I pioneered brand activism in the feminine hygiene industry—and I have the scars to prove it! Natracare evolved out of my own campaigns against the use of toxic chemicals, synthetics, and plastics as well as bringing to light their role in women’s health problems. My brand of activism has always been about empowering people to make the right choices for their bodies and creating better outcomes for ecology, and that requires both education and validation. At the same time, my work has helped create global standards for organic and natural menstrual products. This sort of change paves the way for others, which in turn, helps to create shifts within the industry. It’s work I am very proud of.
Championing Environmental and Corporate Responsibility
As someone who has produced and marketed “green” (to use this season’s terminology) period products for women for the past three decades, I understand the difficulties of getting the ecological message across to consumers who are battered every day by the noise of sleek aspirational lifestyle advertising. I believe that within all of us there is a basic urge to protect our environment; but for most, there has been a huge vacuum of information about what it is that we do and buy that is causing us to bring about the climate change that will make this planet hostile for mankind in the not-too-distant future. Recent climate disasters have resulted in focused minds, however, and people increasingly want to be able to make a difference in whatever way they believe they can.
After all, as the ice caps continue to melt, climate catastrophes cause massive populations to migrate away from the coasts and flood plains, crops fail, and deserts encroach on once-fertile plains, and we realize that we have created the Four Horsemen of the Apocalypse for ourselves. Making excuses for reasons not to choose a low-impact way of living is sociopathic.
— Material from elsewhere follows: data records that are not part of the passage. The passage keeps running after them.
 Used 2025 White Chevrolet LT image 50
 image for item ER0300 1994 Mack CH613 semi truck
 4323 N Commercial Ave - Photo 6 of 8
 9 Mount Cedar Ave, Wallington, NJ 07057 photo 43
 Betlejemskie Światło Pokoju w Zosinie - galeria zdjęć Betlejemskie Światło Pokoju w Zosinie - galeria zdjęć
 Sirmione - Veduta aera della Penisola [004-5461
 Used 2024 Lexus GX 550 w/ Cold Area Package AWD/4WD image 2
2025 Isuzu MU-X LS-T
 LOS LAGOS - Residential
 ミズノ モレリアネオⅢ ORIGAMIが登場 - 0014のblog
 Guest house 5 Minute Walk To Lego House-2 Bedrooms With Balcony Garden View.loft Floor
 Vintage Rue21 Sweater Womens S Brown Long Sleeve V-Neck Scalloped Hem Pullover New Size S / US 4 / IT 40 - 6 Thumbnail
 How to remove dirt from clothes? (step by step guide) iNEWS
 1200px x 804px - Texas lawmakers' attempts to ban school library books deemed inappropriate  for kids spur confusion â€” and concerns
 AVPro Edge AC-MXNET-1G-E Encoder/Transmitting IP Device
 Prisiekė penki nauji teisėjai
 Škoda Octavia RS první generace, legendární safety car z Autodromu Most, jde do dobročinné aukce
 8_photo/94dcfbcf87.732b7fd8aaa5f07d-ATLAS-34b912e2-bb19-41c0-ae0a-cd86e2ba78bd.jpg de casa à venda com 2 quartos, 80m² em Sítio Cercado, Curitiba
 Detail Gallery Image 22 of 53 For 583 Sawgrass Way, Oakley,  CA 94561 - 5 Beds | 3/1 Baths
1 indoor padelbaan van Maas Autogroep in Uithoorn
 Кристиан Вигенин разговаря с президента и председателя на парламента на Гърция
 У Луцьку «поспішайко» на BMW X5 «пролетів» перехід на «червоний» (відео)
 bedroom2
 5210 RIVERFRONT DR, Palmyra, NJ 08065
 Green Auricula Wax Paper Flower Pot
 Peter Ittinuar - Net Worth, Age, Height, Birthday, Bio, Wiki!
As a lifelong environmentalist and a designer, I know that being entrepreneurial is also about future-thinking: Defining the problem, identifying the risks, and designing for change. This is what I did from the very start. Banks didn’t want to listen to me, but my tenacity and, frankly, my revolutionary environmental feminist thinking helped me mobilize. Today, we are clear that Green Business practice is scalable, sustainable, and profitable. The Corporate Social Responsibility of business does not need to be at the expense of profit, but philanthropy is surely at the heart of being kind to each other and to our only, singularly beautiful planet Earth.
Corporate responsibility is an adjunct to environmental responsibility. Natracare is a company founded on these two principles, and our product development began with environmental concerns as a point of primary consideration. The next part of the equation was profitability as an achievable value over time. Being an entrepreneurial and competitive private business, my philosophy has held for 35 years without failure. Perhaps companies that go public should choose their shareholders more carefully, or better still, trade on a greener and more ethical stock market.
Also, while I have the soapbox for a few extra lines, let me stand on the fulcrum of the see-saw for a moment. Yes, I am the antithesis of the trendy unicorn company. I have been through the gambit of prejudices in my life—as a woman in higher education, as a woman in a design industry, as a woman in business, and as a working businesswoman with children—so we might as well address the big elephant sitting on my feet now: ageism. I have given half of my life to trying to affect change through my aspirations and achievements, and I had to earn my value. I am still campaigning, and my business continues to be successful because I stuck to the principles and objectives that now identify me as an entrepreneur. My age has been the marker of my survival of many things in my life’s journey, including cancer, but above all, my dogged determination to make Natracare the best company and brand ever created in the nefarious world of personal care. I will continue.